Step 5: Integrate With Your Knowledge Base
One of Freshworks’ best features is connecting your bot to your help center or knowledge base. This can save your team a ton of time.
- In your bot builder, look for the Knowledge Base integration.
- Choose which articles to surface. Prioritize your most popular FAQs.
- Set up fallback to articles if the bot doesn’t understand a question.
Honest take: Auto-surfacing articles is hit-or-miss. It works great for clear, common questions (“How do I change my password?”). For anything vague or emotional (“Why did you charge me twice?”), it often falls flat.
Step 6: Train and Improve Your Bot Over Time
No chatbot is “set and forget.” Here’s how to keep it useful:
- Check your bot analytics weekly.

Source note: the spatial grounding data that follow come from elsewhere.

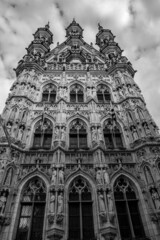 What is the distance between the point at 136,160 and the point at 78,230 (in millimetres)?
5283

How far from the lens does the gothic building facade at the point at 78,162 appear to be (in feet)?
29.3

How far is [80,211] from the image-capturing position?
9.49 m

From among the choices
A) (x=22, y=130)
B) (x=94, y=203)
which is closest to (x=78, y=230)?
(x=94, y=203)

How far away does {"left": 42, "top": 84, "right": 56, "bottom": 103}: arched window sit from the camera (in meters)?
17.0

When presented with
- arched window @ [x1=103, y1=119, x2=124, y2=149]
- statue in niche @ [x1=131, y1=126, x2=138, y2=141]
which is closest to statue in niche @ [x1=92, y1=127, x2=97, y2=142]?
arched window @ [x1=103, y1=119, x2=124, y2=149]

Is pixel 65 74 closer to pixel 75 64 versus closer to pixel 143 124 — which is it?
pixel 75 64

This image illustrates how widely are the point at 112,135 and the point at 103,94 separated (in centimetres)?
550

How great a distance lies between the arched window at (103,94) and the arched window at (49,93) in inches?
169

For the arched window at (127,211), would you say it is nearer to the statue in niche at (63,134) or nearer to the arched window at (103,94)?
the statue in niche at (63,134)

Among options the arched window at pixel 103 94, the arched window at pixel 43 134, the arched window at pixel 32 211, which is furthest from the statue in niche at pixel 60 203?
the arched window at pixel 103 94

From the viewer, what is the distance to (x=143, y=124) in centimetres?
1301

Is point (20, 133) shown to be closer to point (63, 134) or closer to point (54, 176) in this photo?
point (63, 134)

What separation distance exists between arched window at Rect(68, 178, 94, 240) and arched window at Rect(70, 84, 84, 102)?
8393mm

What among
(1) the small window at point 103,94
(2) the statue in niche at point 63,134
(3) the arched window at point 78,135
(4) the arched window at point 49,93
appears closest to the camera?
(2) the statue in niche at point 63,134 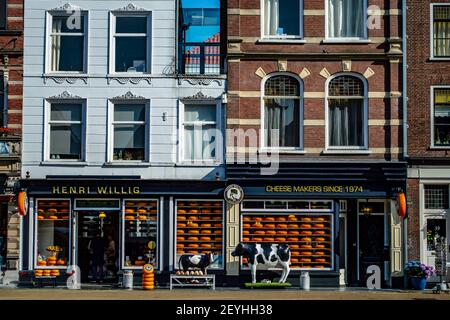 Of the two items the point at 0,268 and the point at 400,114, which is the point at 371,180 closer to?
the point at 400,114

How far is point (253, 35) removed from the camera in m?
25.4

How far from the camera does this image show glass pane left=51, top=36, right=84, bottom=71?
2555 centimetres

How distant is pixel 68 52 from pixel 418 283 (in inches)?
559

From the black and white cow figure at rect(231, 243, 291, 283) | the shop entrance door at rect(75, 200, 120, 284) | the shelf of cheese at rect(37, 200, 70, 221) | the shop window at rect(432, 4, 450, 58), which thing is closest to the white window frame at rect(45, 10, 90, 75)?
the shelf of cheese at rect(37, 200, 70, 221)

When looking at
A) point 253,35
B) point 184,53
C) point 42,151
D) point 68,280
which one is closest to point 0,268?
point 68,280

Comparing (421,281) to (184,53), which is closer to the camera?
(421,281)

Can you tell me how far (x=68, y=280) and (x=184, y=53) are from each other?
28.5 feet

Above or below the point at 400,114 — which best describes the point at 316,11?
above

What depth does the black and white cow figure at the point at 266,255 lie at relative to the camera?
24094 millimetres

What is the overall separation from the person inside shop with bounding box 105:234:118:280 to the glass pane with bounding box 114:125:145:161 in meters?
2.82

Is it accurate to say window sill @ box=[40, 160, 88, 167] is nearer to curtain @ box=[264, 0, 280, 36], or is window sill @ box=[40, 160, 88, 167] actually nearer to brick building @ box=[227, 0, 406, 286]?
brick building @ box=[227, 0, 406, 286]

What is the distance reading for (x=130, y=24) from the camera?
25.6 m

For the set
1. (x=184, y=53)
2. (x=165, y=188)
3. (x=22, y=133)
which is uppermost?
(x=184, y=53)

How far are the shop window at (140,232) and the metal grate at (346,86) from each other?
→ 7268 mm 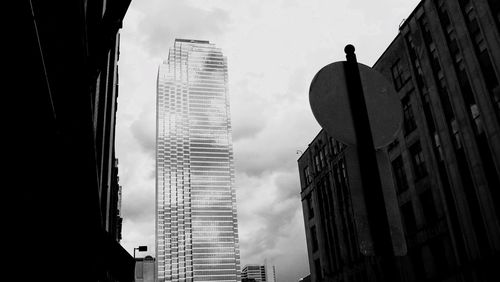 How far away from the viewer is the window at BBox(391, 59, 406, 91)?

Look for “dead ends” where customers bail or always ask for a human.
- Update your flows based on real feedback. If customers keep asking a question the bot can’t answer, add that flow.
- Test new flows with real people. Ask your support team or even friends to try out new scenarios.
- Don’t be afraid to delete underperforming flows. More isn’t always better.
Pro tip: Make it easy for customers to rate bot answers (“Was this helpful?”). Even a thumbs up/down can give you direction.
Step 7: Manage Handoffs to Humans Smoothly
A lot of chatbot setups fall apart at the handoff stage. Here’s how to avoid frustrating your customers:
- Clearly tell customers when they’re being transferred to a person.
- Carry over the chat history and any info the bot collected. Don’t make people repeat themselves.
- Set expectations for wait times. If there’s a queue, say so.
What to avoid: Don’t trap users in endless bot loops with no escape. If someone types “agent,” “human,” or “help,” the bot should always hand off.
Step 8: Keep It Simple—Don’t Chase Every AI Feature
It’s tempting to turn on every AI-powered option Freshworks offers, but honestly, most businesses get more value from a well-built FAQ bot than a fancy “conversational AI” that tries (and fails) to handle everything.
- Stick with structured flows for your top questions.
- Experiment with AI suggestions, but monitor them closely. If they confuse users, turn them off.
- Remember: The goal is to help, not impress. Bells and whistles rarely make up for a bad customer experience.
Wrapping Up: Iterate, Don’t Overthink
If you remember one thing: start simple. A Freshworks chatbot that answers five key questions well is more valuable than a bloated bot that annoys everyone. Set aside time once a month to review how it’s going, tweak your flows, and listen to your team. The best bots are always a work in progress.
It’s not about being perfect—it’s about making things a little easier, for your customers and your support team. That’s real engagement.